→ Data
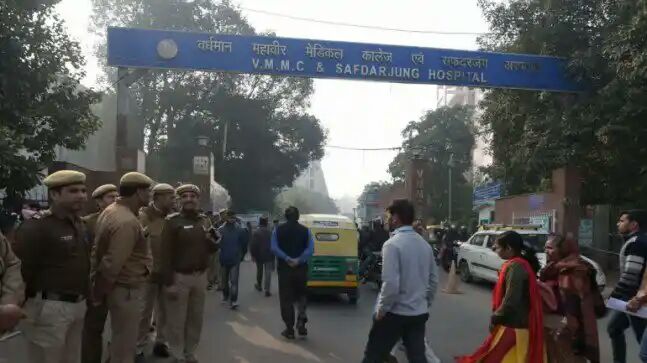 Suspected coronavirus patient commits suicide by jumping off 7th floor of Safdarjung Hospital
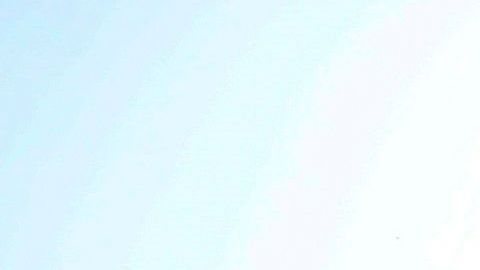 AME7017. TEGUCIGALPA (HONDURAS), 01/05/2020.- Un hombre camina este viernes frente al portón principal de la Universidad Nacional Autónoma de Honduras, que se encuentra cerrada dadas las medidas contra la pandemia COVID-19, en Tegucigalpa (Honduras). El cierre de los centros educativos y el confinamiento por el coronavirus han provocado que al menos la mitad de los 2,9 millones de alumnos en Honduras no reciba clases, principalmente los del área rural, porque no tienen un ordenador, ni internet, para llevar las clases a distancia. EFE/Gustavo Amador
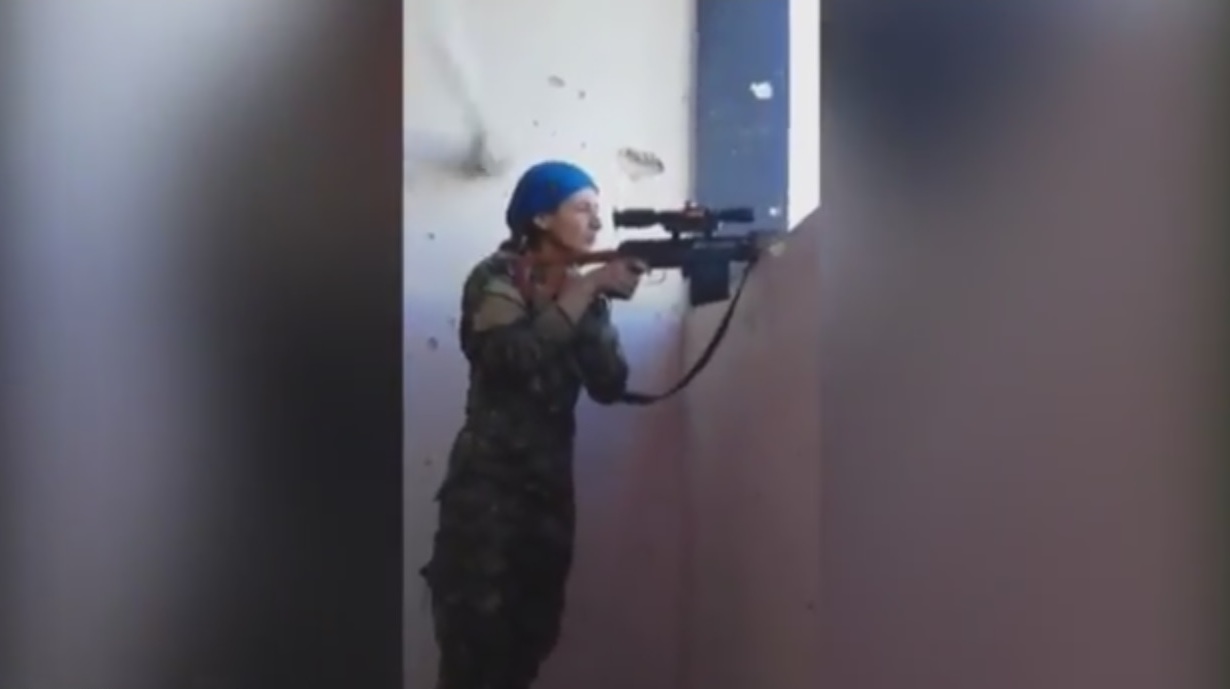 VIRAL! Ce face o luptătoare YPG când îi trece glonțul pe la ureche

→ Task requirements
Set down all the lines above exactly as they appear, with no pictures.

→ Exercise output
 Suspected coronavirus patient commits suicide by jumping off 7th floor of Safdarjung Hospital
 AME7017. TEGUCIGALPA (HONDURAS), 01/05/2020.- Un hombre camina este viernes frente al portón principal de la Universidad Nacional Autónoma de Honduras, que se encuentra cerrada dadas las medidas contra la pandemia COVID-19, en Tegucigalpa (Honduras). El cierre de los centros educativos y el confinamiento por el coronavirus han provocado que al menos la mitad de los 2,9 millones de alumnos en Honduras no reciba clases, principalmente los del área rural, porque no tienen un ordenador, ni internet, para llevar las clases a distancia. EFE/Gustavo Amador
 VIRAL! Ce face o luptătoare YPG când îi trece glonțul pe la ureche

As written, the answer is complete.